Nearly as much as I love the Dodgers, I love the game. But the last few months have challenged that. More than the steroid era or the “hopped up” ball years, with their inflated statistics, nothing has depressed me about baseball like the cheating scandal.

And, it is not just about what happened to the Dodgers in consecutive World Series. It is that, in both cases, the Dodgers were probably playing the wrong team. They should have faced the Yankees, likely both times.

Understand, I believe one of the greatest sentences in the English language is “Yankees lose.” (The other one is “Pitchers and catchers report.”) Nevertheless, likely two American League titles were stolen from them by the Astros and the Red Sox.

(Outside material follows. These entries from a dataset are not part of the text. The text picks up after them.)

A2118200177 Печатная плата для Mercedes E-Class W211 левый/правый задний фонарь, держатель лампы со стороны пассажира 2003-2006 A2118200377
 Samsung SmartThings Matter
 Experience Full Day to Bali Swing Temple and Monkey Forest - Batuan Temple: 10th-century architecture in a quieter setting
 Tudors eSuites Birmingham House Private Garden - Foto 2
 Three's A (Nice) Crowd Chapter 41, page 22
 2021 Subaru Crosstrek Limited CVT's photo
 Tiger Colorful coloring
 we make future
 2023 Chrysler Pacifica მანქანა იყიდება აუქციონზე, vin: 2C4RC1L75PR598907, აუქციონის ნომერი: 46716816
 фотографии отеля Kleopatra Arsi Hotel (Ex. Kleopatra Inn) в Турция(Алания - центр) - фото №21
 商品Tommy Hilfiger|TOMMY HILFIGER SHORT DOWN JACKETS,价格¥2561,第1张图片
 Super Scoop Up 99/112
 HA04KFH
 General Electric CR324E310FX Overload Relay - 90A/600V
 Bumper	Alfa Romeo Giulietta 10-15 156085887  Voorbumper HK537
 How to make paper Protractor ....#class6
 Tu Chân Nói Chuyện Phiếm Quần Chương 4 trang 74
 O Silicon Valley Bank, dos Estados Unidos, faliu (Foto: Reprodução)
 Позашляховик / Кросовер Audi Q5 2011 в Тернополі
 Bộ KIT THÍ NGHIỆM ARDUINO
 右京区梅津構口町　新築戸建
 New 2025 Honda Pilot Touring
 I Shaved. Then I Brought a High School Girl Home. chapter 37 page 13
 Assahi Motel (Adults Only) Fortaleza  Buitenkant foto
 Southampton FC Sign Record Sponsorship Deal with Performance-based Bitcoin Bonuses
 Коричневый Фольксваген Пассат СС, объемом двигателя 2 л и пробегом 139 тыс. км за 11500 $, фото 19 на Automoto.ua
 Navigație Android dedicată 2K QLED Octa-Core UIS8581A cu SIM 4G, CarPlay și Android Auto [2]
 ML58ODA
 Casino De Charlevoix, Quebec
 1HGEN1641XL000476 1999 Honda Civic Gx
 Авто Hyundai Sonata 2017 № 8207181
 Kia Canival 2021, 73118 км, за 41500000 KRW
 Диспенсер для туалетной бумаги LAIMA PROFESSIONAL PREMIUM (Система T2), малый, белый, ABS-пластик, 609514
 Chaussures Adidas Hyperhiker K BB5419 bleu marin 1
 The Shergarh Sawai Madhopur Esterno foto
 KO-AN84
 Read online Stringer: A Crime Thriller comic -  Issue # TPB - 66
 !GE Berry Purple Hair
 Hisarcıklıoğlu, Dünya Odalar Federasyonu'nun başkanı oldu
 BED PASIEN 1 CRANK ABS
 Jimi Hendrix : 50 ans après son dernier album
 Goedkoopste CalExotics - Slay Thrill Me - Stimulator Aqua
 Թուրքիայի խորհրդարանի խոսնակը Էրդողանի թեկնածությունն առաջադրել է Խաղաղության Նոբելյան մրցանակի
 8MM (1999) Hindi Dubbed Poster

Major League Baseball (MLB) has not been a good organization to deal with cheating. It took years to get the players to stop using performance enhancing drugs. They probably don’t get everyone, but they are at least trying. And the penalties are steep.

So, what should baseball do about this latest problem? First, the titles of the 2017 Astros and 2018 Red Sox should be vacated. Second, the players need to be disciplined, either by suspensions or by ruling the teams ineligible for the post-season for at least two years. Third, any batting records set or tied by members of those teams during those seasons should be expunged. In addition, cumulative batting histories should not include any statistics from the offending seasons. 

Finally, MLB should have monitors, assigned by the Leagues and not the offending team, in the Astros and Red Sox dugouts during home games to limit access to any technology that could be a part of a pattern of cheating.

Over recent years, the popularity of baseball has declined, specifically in comparison to football and, to some extent, basketball. The decline with respect to communities like young African-Americans is much steeper than the rest of the population. This is especially apparent with the Dodgers, the home of Jackie Robinson.

This scandal doesn’t help that. And that negative impact will be exacerbated if MLB does nothing more that it is now intending to do.

I feel like Roy Hobbs in “The Natural.” “God, I love baseball.” And, as the movie showed, you can win without cheating.

Wouldn’t that be a World Series to see.